Two Ph.D scholarships available from September 2015 for Leverhulme Trust project on literature and cosmopolitan memory

We are delighted to announce two full Ph.D scholarships linked to a major three-year research project led by Professor Stuart Taberner (German) and funded by the Leverhulme Trust entitled ‘Traumatic Pasts, Cosmopolitanism, and Nation-Building in Contemporary World Literature’. The project is also part of the Leeds-based Transnational Holocaust Memories network which connects as number of projects relating to Holocaust memory (including a forthcoming AHRC exhibition on Germany’s Confrontation with the Holocaust in a Global Context). The project analyses literary fiction in post-unification Germany and post-apartheid South Africa as a critique of the way these countries relate their traumatic pasts to the globalisation of Holocaust memory (‘cosmopolitan memory’) in order to promote nation-building. The principal investigator, Stuart Taberner, will be working on the first comprehensive analysis of German-language and South African writing in relation to traumatic pasts, cosmopolitan memory and nation-building. At the same time, a key objective of the project is to build a team of researchers working comparatively on other regions confronting difficult pasts to test the hypothesis that this genre of literary fiction is the paradigmatic world literature of the present moment.

Both PhD projects will compare and contrast literary texts from Germany (or another German-speaking country) and one other country confronting a traumatic past (e.g. post-dictatorship Central and South America, post-independence North Africa, the Middle East, Japan, post-communist Eastern Europe, post-WWII western Europe, South Africa, post-imperial Canada, Australia, New Zealand, the UK, etc.) in relation to the project theme of ‘cosmopolitan memory’ and nation-building.
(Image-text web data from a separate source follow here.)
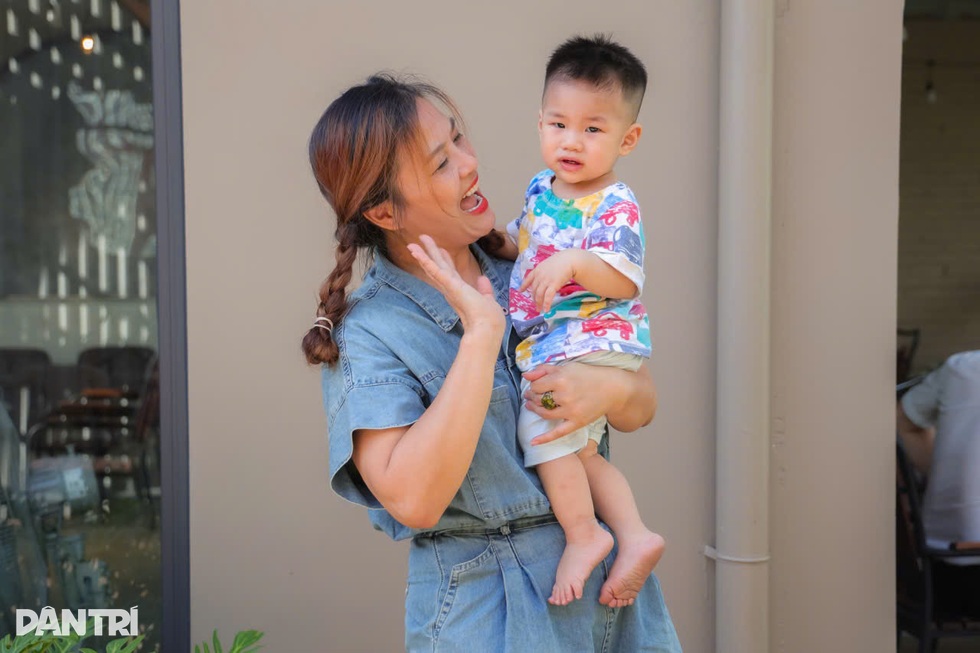 Hoa Thúy Cảnh sát hình sự sau 2 lần đổ vỡ: Tôi chưa sẵn sàng đi bước nữa - 7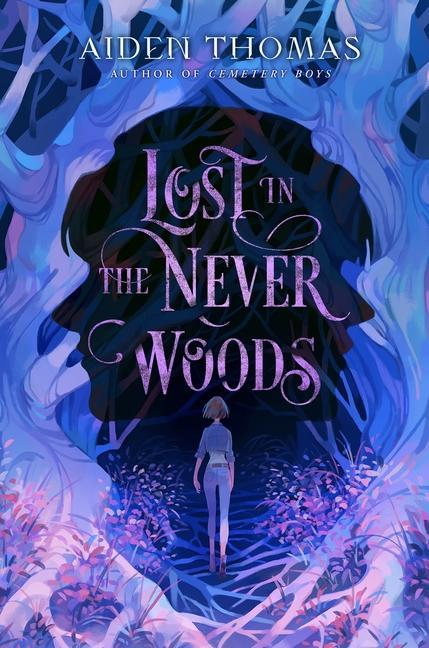 Carte Lost in the Never Woods Aiden Thomas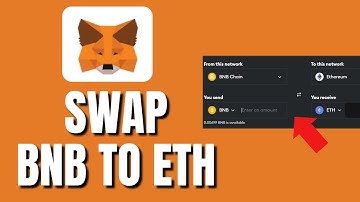 How To Swap/Switch BNB To ETH On Metamask (Change/Convert BNB To ETH On Metamask) Switch & Exchange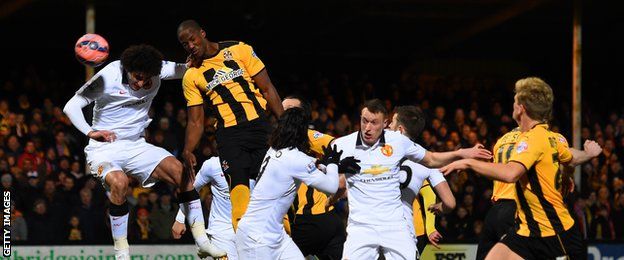 Manchester United no pasa del empate en la FA Cup Manchester United no pasa del empate en la FA Cup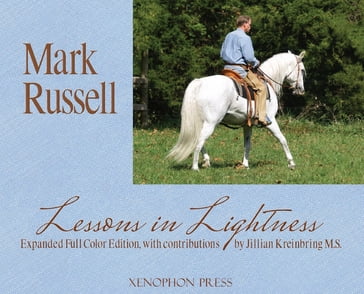 Lessons in Lightness - Jillian Kreinbring M. S. - Mark Russell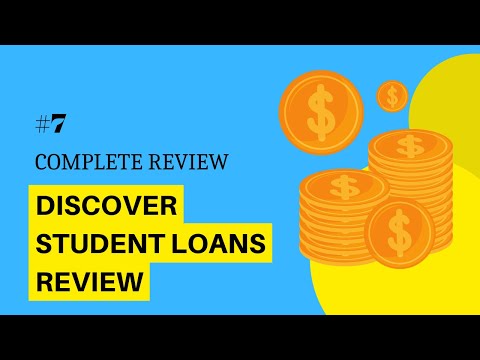 Discover Student Loans Review - Student Refinance - Finance By Arif
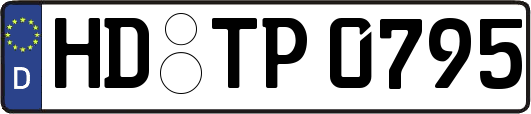HD-TP0795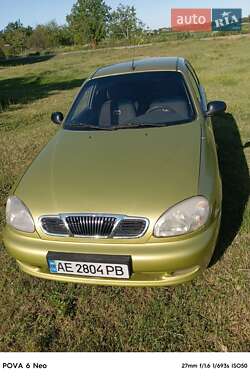 Daewoo Lanos 2007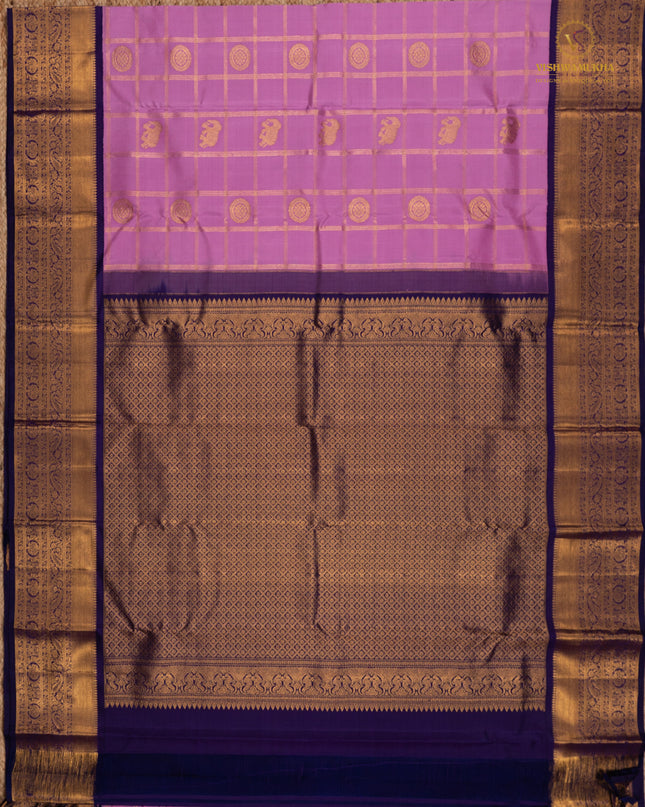 Kanchipuram Silk Saree-25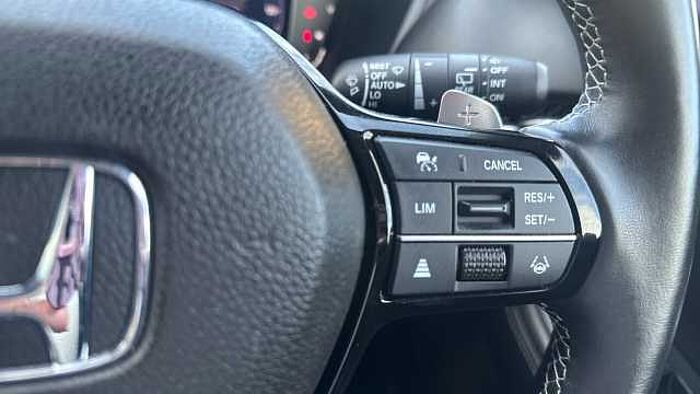 Honda ZR-V 2.0 eHEV Sport 5dr CVT Hybrid Estate 
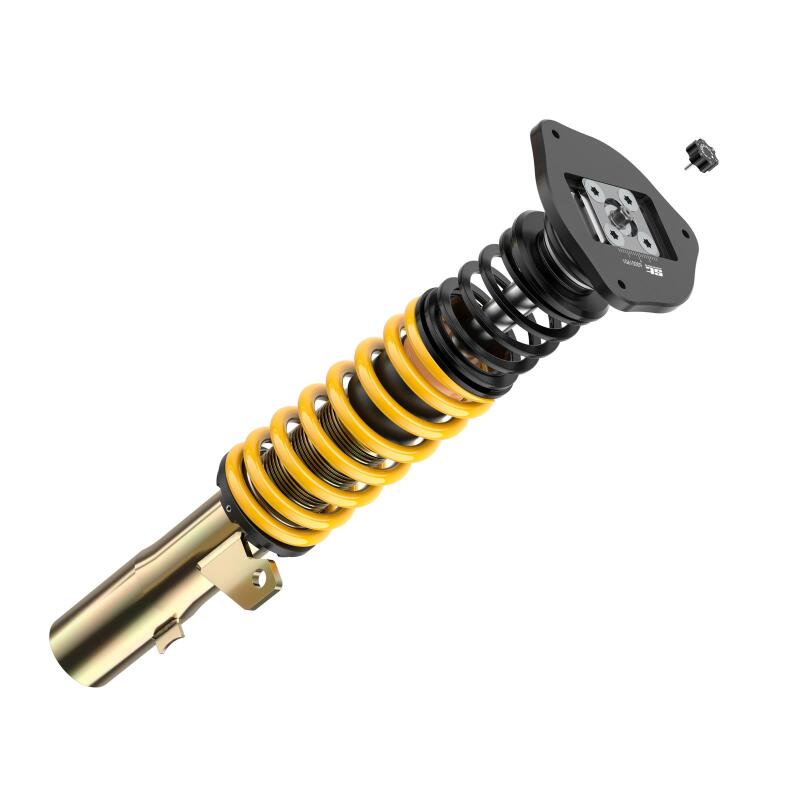 ST Suspensions XTA Coilover Kits 18210880 Height, Rebound Adjustable Kit w/ Top Mounts; 14+ VW Jetta VI Sedan 2.0 thumbnail 8
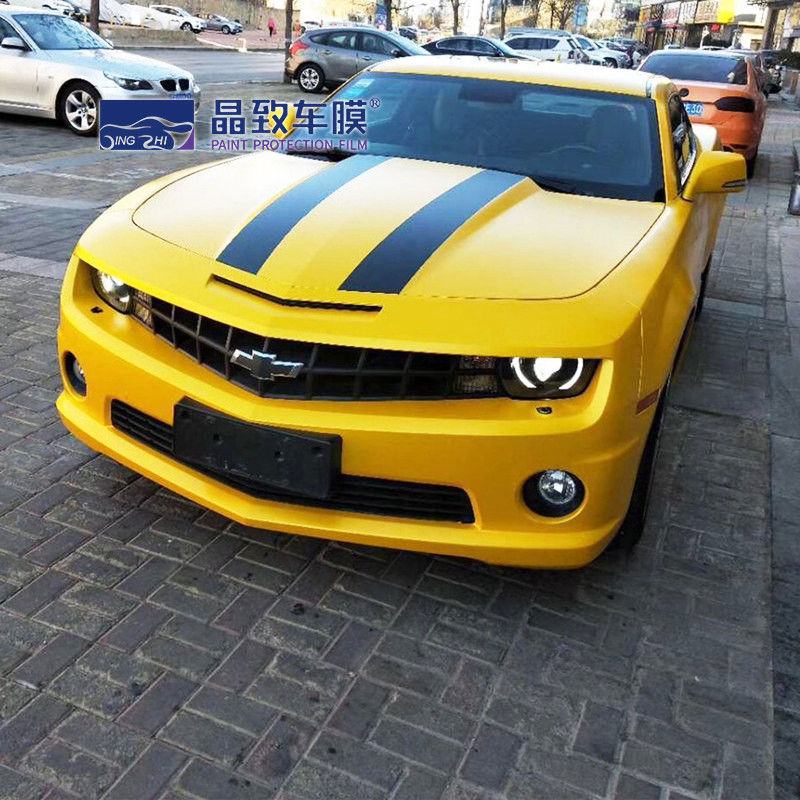 PET Super Glossy Automotive Sky Blue Grey Yellow Red Green Black car wrap vinile adesivo per auto in vinile per tutto il corpo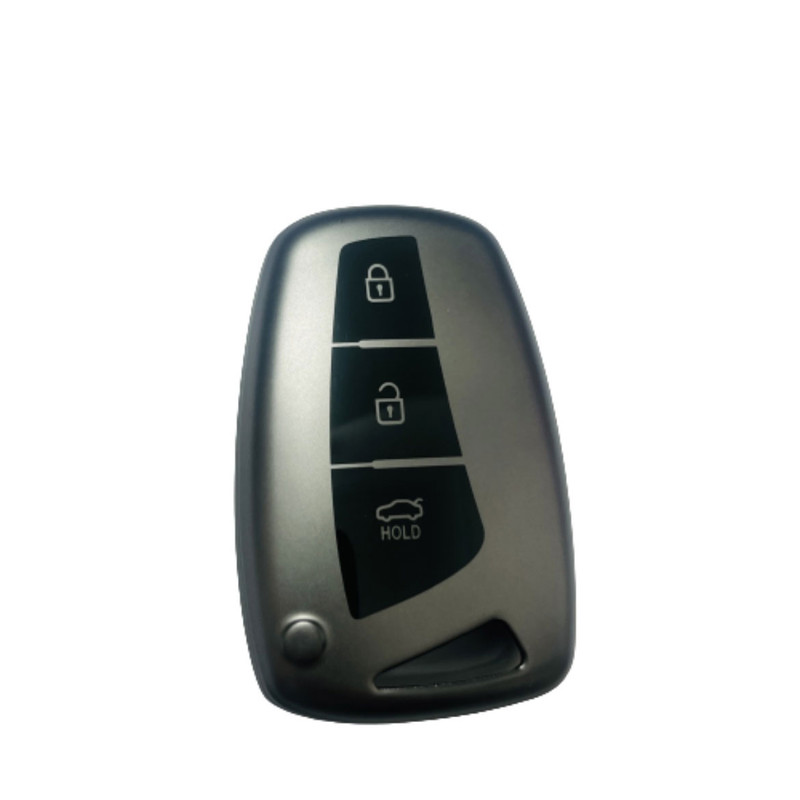 کاور ریموت خودرو وارون مدل K-429-CARBON مناسب برای سانتافه
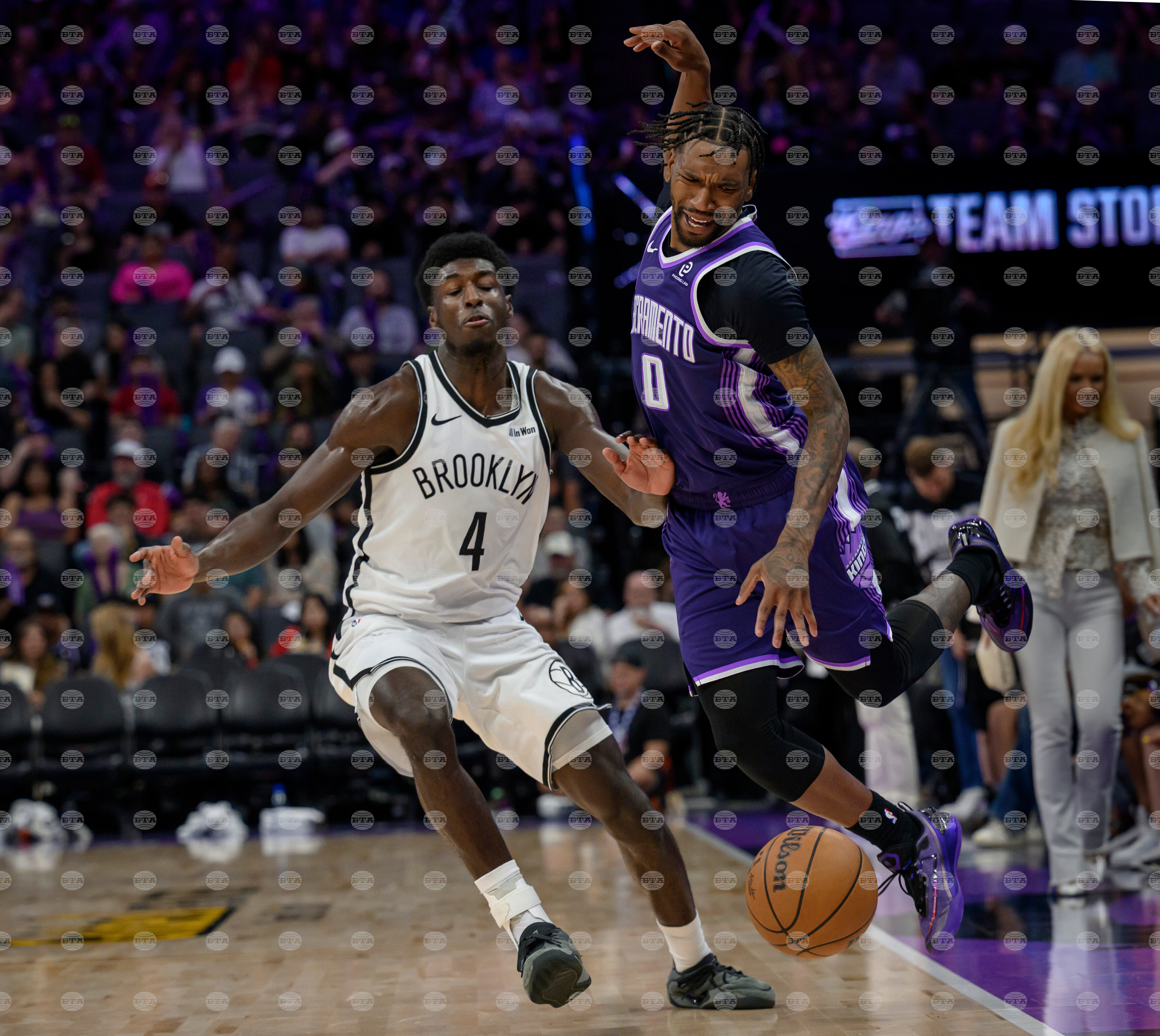 Jazz Kings Basketball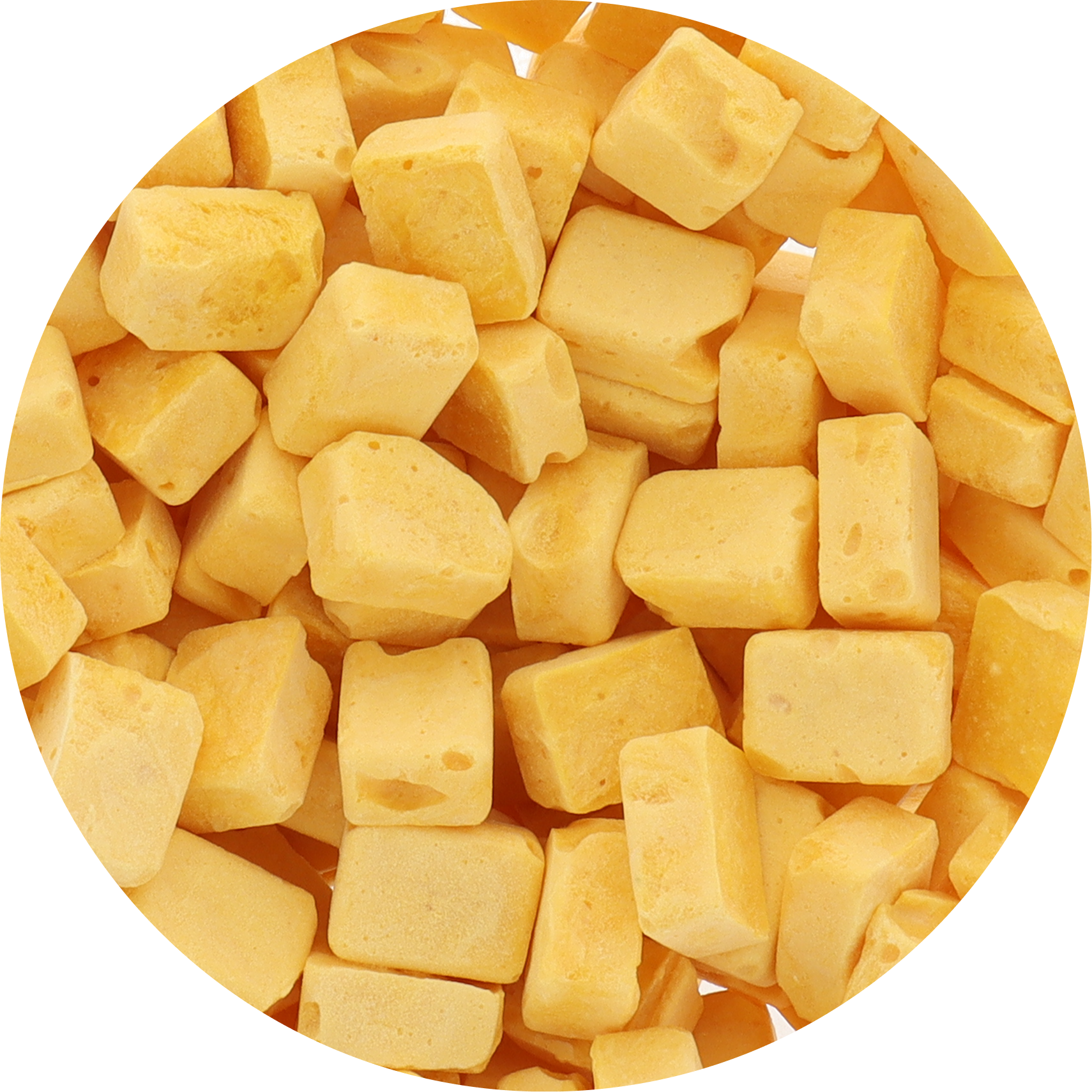Freeze Dried Organic Honey Mango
Applicants will be invited to design their own PhD project and research proposal, which must be demonstrably linked to the project, as described above. Applicants wishing to compare two literatures not including German may also be considered, although a strong case would need to made for ‘fit’ with the overall research project. Each PhD student will be supervised by Professor Taberner and co-supervised by a colleague from the relevant department of the School of Languages, Cultures and Societies or the School of English (including the Institute for Colonial and Postcolonial Studies). Each project will focus on a limited number of texts from each country, or possibly the work of a single contemporary author from each country, and interrogate the relationship, or tension, between cosmopolitan memory and nation-building. Additionally, the projects will contribute to the larger project’s ambition of initiating a broad comparative study of literatures from across the world in relation to traumatic pasts, cosmopolitan memory, and nation-building.

Applicants for these PhD scholarships will require excellent close reading skills, at least a good reading knowledge of the languages involved (i.e. German plus another foreign language or English), and a proven conceptual ability. Strong applicants will also be able be to articulate the opportunities that arise from being part of a team of researchers and be able to frame work as a contribution to this collaboration.

In addition, to full fees and the maintenance grant, the successful applicants will each have access to a research allowance minimum of at least £1,000 in each of the three years of the scholarship.